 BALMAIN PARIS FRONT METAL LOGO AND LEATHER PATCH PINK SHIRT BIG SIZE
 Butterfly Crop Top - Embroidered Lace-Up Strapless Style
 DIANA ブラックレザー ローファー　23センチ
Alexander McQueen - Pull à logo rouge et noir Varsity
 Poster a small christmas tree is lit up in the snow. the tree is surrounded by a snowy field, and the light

---

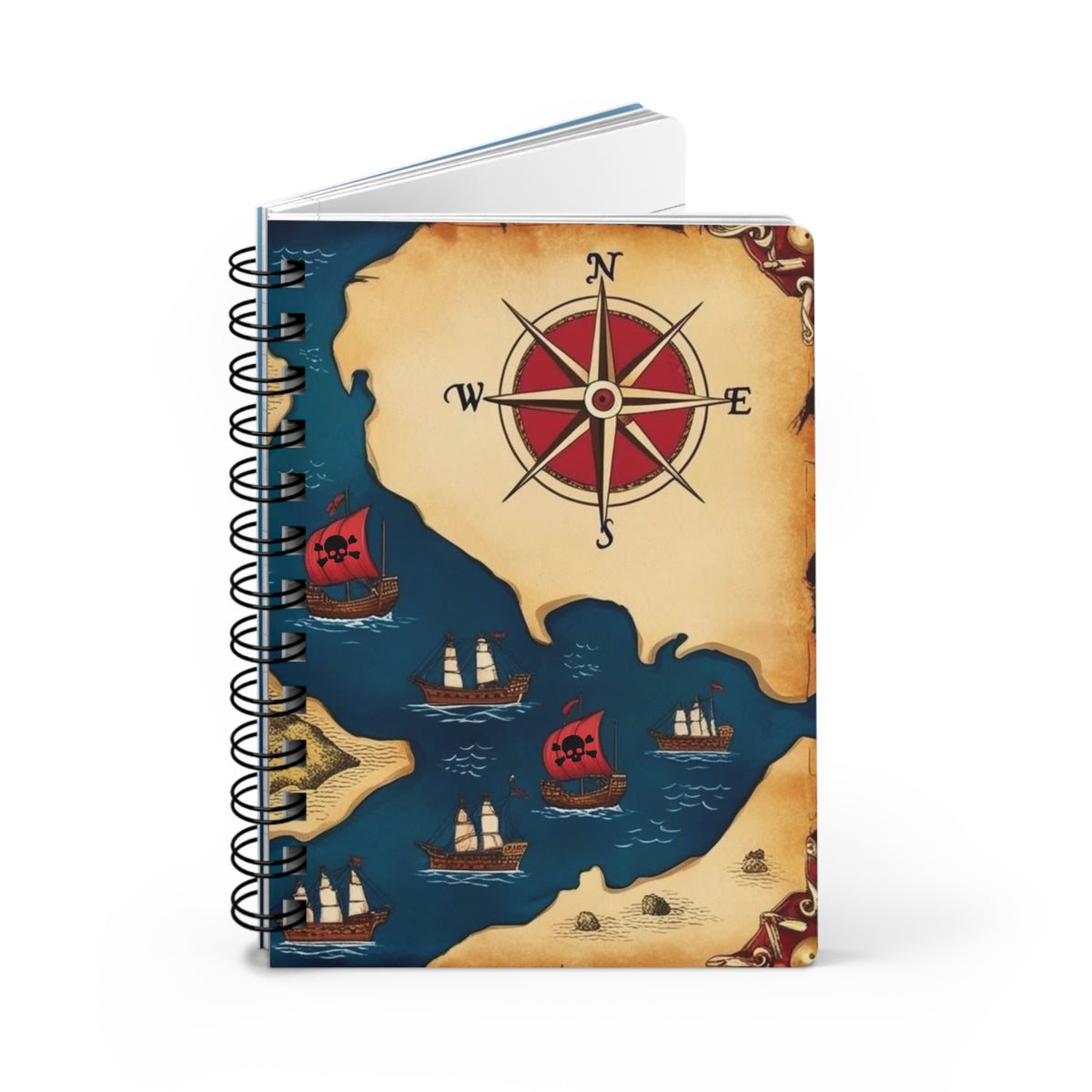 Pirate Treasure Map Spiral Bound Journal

Exercise objective -
Look back at the data above. Transcribe exactly the lines starting at the line that contains "DIANA ブラックレザー ローファー　23センチ" and ending at the line that contains "Poster a small".

Answer section -
 DIANA ブラックレザー ローファー　23センチ
Alexander McQueen - Pull à logo rouge et noir Varsity
 Poster a small christmas tree is lit up in the snow. the tree is surrounded by a snowy field, and the light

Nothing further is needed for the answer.